The child was also given spiritual training by teachers belonging to the various spiritual traditions and he practiced the teachings. After a long day of studies one day, the child had a vision of Buddha Vajrasattva, who said to him, "Certainly, you can stay in the palace, become ruler of the land, and this would be the best thing that could happen to the people, seeing they could not have a better king than you. But know that more people in the world need help than the number of people living in this small kingdom. If you stay in the palace and become king, it will be an obstacle for your Dharma practice and for your attainment of Buddhahood. You should leave, become homeless, live as a hermit in uninhabitable places, and practice until you have achieved perfect enlightenment." Having thought about these words, the boy knew that the ministers and generals would hardly let him go and therefore it would not be easy to leave. He also realized that he was too young to live on his own, so he stayed a few more years, studied, and supported the king and ministers in their endeavour to rule the country justly. At this time, the boy became known as Guru Pema Gyalpo.

Years passed and Guru Pema Gyalpo, i.e., Guru Rinpoche, saw that it was time to leave the royal palace and become a yogic practitioner who lived in caves in the solitude of the wilderness and jungles in order to focus all his attention on meditation. He managed to leave and walked towards India. He arrived in a little kingdom called Zahor, practiced meditation there, performed miracles, and became famous as a mighty, realized master. The King of Zahor invited Guru Rinpoche to his palace and asked him many questions, like, "What is your religion? Which meditation do you practice? What kind of teachers do you have? What did you study? And why is it that you are able to perform such wondrous things?" The king was overly happy with the answers that Guru Rinpoche gave. In fact, the king was so impressed that he offered his entire court and country to the wandering ascetic. Everything the king offered him was actually what Guru Rinpoche had turned his back on and had renounced. Not wanting to insult the king, he accepted the offerings as a sign of respect and immediately gave them back to the king. In response, the king insisted that Guru Rinpoche marry one of his daughters. He married Princess Mandarava and she became one of his most famous disciples - they practiced together in solitude and she, too, attained perfect enlightenment in that life.

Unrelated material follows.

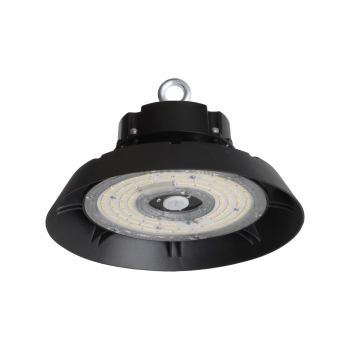LED Hallenstrahler UFO dimmbar 100W 18.000lm 120° für Bewegungsmelder vorbereitet LED Hallenstrahler UFO dimmbar 100W 18.000lm 120° für Bewegungsmelder vorbereitet
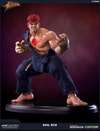 Evil Ryu- Prototype Shown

One day a group of ministers and generals from the Kingdom of Zahor found them and - being quite upset that their king had offered his kingdom and given the beautiful princess, who they saw was infatuated, to a wandering ascetic that nobody knew - they took both of them as prisoners. They tried to execute the couple by burning them alive at the stakes. The fire continued burning seven days and seven nights after they ignited it. When the fire went out, the ministers and generals didn't find ashes or human remains, but they saw Guru Rinpoche and Mandarava, not scorched in the least, sitting in meditation posture on top of a lotus that was floating in the middle of a beautiful lake at the very spot where they had tried to burn them. The king came to see and the evil-doers regretted their horrendous behaviour, asked for forgiveness, and - having realized that Guru Rinpoche was an extraordinary being - they all had great faith and devotion, prostrated to him, and asked him to become their spiritual teacher and guide. As is the custom, they requested instructions from him. Free from holding a grudge and filled with compassion, Guru Rinpoche accepted them as his disciples, placed them on the path of the Dharma, and gave them many empowerments and instructions. It was the custom during those times for disciples to offer presents to their spiritual teacher as a sign of appreciation for having been accepted as a disciple. The king gave him various robes, many insignia, and the lotus crown. Guru Rinpoche is depicted on paintings and statues wearing the presents that the King of Zahor had given him on that occasion. This wondrous event occurred at Tso Pema ("Lotus Lake") in Northwest India and is to this day an important pilgrimage site for Buddhist devotees from all over the world.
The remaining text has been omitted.